-------- PROVIDED ENTRIES --------

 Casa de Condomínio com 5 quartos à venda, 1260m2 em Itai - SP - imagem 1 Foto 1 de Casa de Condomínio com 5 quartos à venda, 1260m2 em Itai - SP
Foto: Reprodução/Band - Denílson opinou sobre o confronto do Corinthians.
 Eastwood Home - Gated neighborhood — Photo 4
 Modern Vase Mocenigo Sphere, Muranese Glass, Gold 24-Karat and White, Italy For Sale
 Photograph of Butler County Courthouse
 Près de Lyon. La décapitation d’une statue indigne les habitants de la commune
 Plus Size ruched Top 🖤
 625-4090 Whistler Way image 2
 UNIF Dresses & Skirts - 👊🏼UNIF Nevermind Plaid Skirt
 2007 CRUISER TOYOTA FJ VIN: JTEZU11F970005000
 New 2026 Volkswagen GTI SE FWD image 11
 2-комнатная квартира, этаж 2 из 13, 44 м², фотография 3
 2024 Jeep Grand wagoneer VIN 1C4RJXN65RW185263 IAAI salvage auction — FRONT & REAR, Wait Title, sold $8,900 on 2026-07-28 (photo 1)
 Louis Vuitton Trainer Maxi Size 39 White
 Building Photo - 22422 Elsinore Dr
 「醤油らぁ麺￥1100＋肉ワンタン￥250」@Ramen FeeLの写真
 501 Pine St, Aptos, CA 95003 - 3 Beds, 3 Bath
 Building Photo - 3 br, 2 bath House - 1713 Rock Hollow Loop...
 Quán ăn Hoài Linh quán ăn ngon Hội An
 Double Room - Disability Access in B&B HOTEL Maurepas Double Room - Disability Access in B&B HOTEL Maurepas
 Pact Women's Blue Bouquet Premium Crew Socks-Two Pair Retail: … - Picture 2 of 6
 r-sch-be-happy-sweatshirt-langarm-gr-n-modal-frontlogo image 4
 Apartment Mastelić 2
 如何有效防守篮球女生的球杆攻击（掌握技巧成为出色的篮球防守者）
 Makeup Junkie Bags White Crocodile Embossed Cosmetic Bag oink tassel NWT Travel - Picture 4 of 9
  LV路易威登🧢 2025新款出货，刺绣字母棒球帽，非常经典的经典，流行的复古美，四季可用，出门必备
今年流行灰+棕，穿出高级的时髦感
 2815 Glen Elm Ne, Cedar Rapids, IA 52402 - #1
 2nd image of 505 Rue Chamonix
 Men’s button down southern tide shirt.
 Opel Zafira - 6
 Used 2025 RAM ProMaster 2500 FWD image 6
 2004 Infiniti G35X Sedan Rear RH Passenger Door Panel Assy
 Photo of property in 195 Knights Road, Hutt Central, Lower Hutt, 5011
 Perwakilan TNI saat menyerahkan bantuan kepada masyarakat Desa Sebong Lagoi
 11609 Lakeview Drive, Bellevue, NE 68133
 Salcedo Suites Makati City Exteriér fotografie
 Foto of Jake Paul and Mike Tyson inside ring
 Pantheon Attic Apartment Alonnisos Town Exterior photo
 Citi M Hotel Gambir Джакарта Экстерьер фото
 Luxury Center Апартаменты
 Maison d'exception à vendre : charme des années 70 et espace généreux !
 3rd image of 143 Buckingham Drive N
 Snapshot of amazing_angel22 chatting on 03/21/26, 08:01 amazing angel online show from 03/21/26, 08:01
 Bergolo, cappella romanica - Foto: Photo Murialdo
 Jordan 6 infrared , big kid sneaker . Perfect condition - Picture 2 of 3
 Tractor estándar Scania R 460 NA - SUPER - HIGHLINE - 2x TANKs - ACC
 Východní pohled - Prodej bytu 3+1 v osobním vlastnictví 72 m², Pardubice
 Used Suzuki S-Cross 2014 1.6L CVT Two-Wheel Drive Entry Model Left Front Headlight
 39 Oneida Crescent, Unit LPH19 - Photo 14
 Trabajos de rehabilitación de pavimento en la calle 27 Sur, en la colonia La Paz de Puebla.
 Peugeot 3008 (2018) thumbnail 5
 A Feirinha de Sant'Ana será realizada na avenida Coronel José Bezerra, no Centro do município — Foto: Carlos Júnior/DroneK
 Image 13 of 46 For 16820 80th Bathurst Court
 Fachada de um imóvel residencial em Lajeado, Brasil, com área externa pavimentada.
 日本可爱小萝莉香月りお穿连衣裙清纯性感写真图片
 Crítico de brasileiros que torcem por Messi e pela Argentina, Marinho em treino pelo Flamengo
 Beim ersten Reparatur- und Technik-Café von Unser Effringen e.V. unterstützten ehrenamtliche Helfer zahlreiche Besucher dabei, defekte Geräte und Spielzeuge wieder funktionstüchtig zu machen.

--------

WHAT IS NEEDED |
Reproduce precisely, and with no line left out, each line from the top of the entries through the line that carries "Double Room - Disability Access in B&B HOTEL Maurepas Double".

EXERCISE RESPONSE |
 Casa de Condomínio com 5 quartos à venda, 1260m2 em Itai - SP - imagem 1 Foto 1 de Casa de Condomínio com 5 quartos à venda, 1260m2 em Itai - SP
Foto: Reprodução/Band - Denílson opinou sobre o confronto do Corinthians.
 Eastwood Home - Gated neighborhood — Photo 4
 Modern Vase Mocenigo Sphere, Muranese Glass, Gold 24-Karat and White, Italy For Sale
 Photograph of Butler County Courthouse
 Près de Lyon. La décapitation d’une statue indigne les habitants de la commune
 Plus Size ruched Top 🖤
 625-4090 Whistler Way image 2
 UNIF Dresses & Skirts - 👊🏼UNIF Nevermind Plaid Skirt
 2007 CRUISER TOYOTA FJ VIN: JTEZU11F970005000
 New 2026 Volkswagen GTI SE FWD image 11
 2-комнатная квартира, этаж 2 из 13, 44 м², фотография 3
 2024 Jeep Grand wagoneer VIN 1C4RJXN65RW185263 IAAI salvage auction — FRONT & REAR, Wait Title, sold $8,900 on 2026-07-28 (photo 1)
 Louis Vuitton Trainer Maxi Size 39 White
 Building Photo - 22422 Elsinore Dr
 「醤油らぁ麺￥1100＋肉ワンタン￥250」@Ramen FeeLの写真
 501 Pine St, Aptos, CA 95003 - 3 Beds, 3 Bath
 Building Photo - 3 br, 2 bath House - 1713 Rock Hollow Loop...
 Quán ăn Hoài Linh quán ăn ngon Hội An
 Double Room - Disability Access in B&B HOTEL Maurepas Double Room - Disability Access in B&B HOTEL Maurepas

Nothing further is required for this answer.